Partly because of this, the city has one of the lowest natural birth rates in the world – Shanghai’s low fertility rate of 0.7 is regarded as one of the lowest in the world. This is well below the replacement rate of 2.33 children per woman.

Shanghai population density

Shanghai is a moderately densely populated city.

Based on 2010 data, when the population was 23,019,196 and the area of the city was 6,340.50 square kilometres, we can calculate that the population density of Shanghai was 3,630.50 people per square kilometer.

Other Shanghai demographics

98.8% of people in Shanghai are Han Chinese, making it by far the most common ethnic group in the city. The remaining 1.2% of the population is split across a number of other smaller ethnic groups.

Han Chinese98.8%
Other ethnic groups1.2%

The majority of people (86.9%) in Shanghai (survey data in Chinese) are either not religious or are not adherents of an organised religion. Of the remaining 13%, Buddhism is the largest single religion (10.4%), followed by two Christian religions – Protestantism (1.9%) and Catholicism (0.7%).

Not religious / not in organised religion86.9%
Buddhist10.4%
Protestant1.9%
Catholic0.7%

Because of its position as a trading city, Shanghai has a rich religious history, and quite a few Christian churches and Islamic mosques can be found dotted around the city alongside more numerous Buddhist and folk religion temples.

Life expectancy in Shanghai is almost ten years higher than the Chinese average of 75.15 years. According to China Daily, the average life expectancy of a person born in Shanghai is now 84.8 years.
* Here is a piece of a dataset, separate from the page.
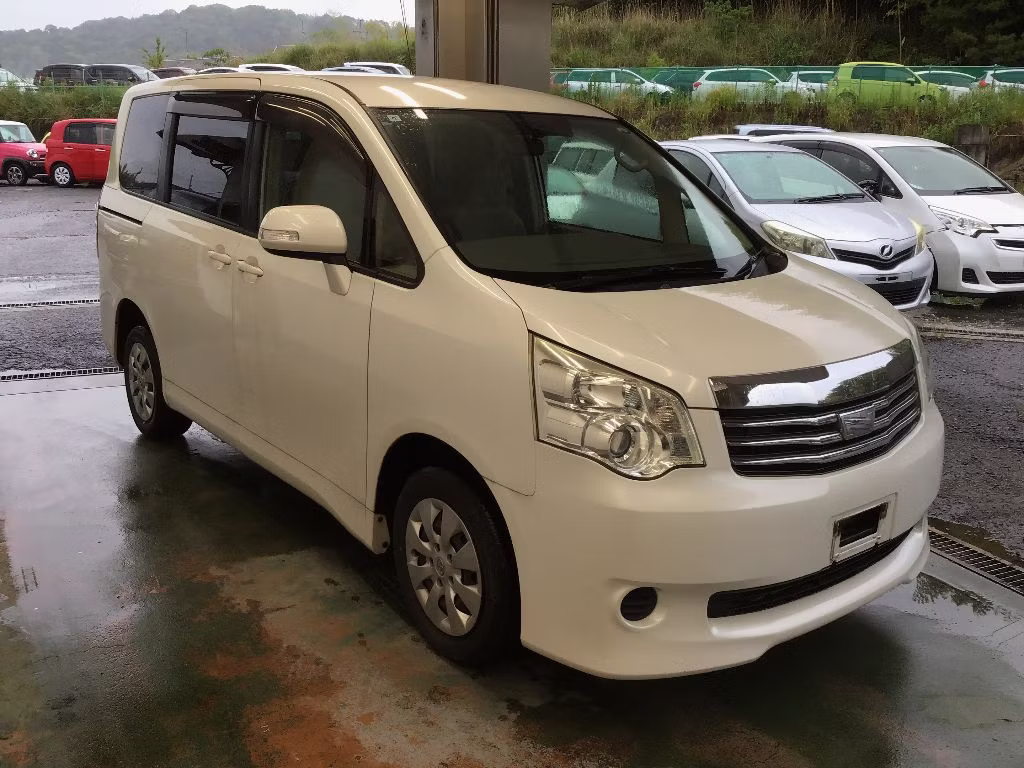 TOYOTA NOAH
Shanghai life expectancy84.8 years
China life expectancy75.15 years

Infant mortality is also much lower in Shanghai than in the rest of China. In 2011 it was estimated to be 5.97 deaths per 1,000 live births, a rate comparable to that in Western European and North American countries.

Foreign population in Shanghai

Fitting with its reputation as a major trading city and financial hub, Shanghai is home to one of the largest foreigner populations in China.

Approximately one in every four foreigners in China live in Shanghai.

Of the 162,381 resident foreigners in Shanghai during the 2010 census, the largest groups came from Japan (35,075), the United States (24,358) and South Korea (21,073).

The majority (95,623) were employees of foreign companies or their relatives. A further 16,064 were overseas students, or their relatives.

The table below gives more detail about the number of foreigners living in Shanghai.

Country Residents (2010)
Japan 35,075
United States 24,358
South Korea 21,073
France 8,238
Germany 8,023
Singapore 7,545
Canada 7,306
Australia 6,165
United Kingdom 5,591

Source.

Where is Shanghai? What country is Shanghai in?

Shanghai is situated on the South Eastern coast of China. It sits at the mouth of the Yangtze river.

Population of Shanghai map

Shanghai has been an important city for centuries and, once it was fortified, it became one of the Qing dynasty’s major sea ports.

Its location attracted the attention of European colonial powers during the late 19th century. This European interest was a double-edged sword – on the one hand it was effectively occupied by European powers, but on the other hand, it became a major East Asian trading hub.

Economic reforms implemented in China since the 1990s have reinvigorated Shanghai, and led to its resurgence as a major city on the world state.

The name Shanghai means ‘Upon the Sea’. The city has also been called, in English, the Pearl of the Orient and the Paris of the East.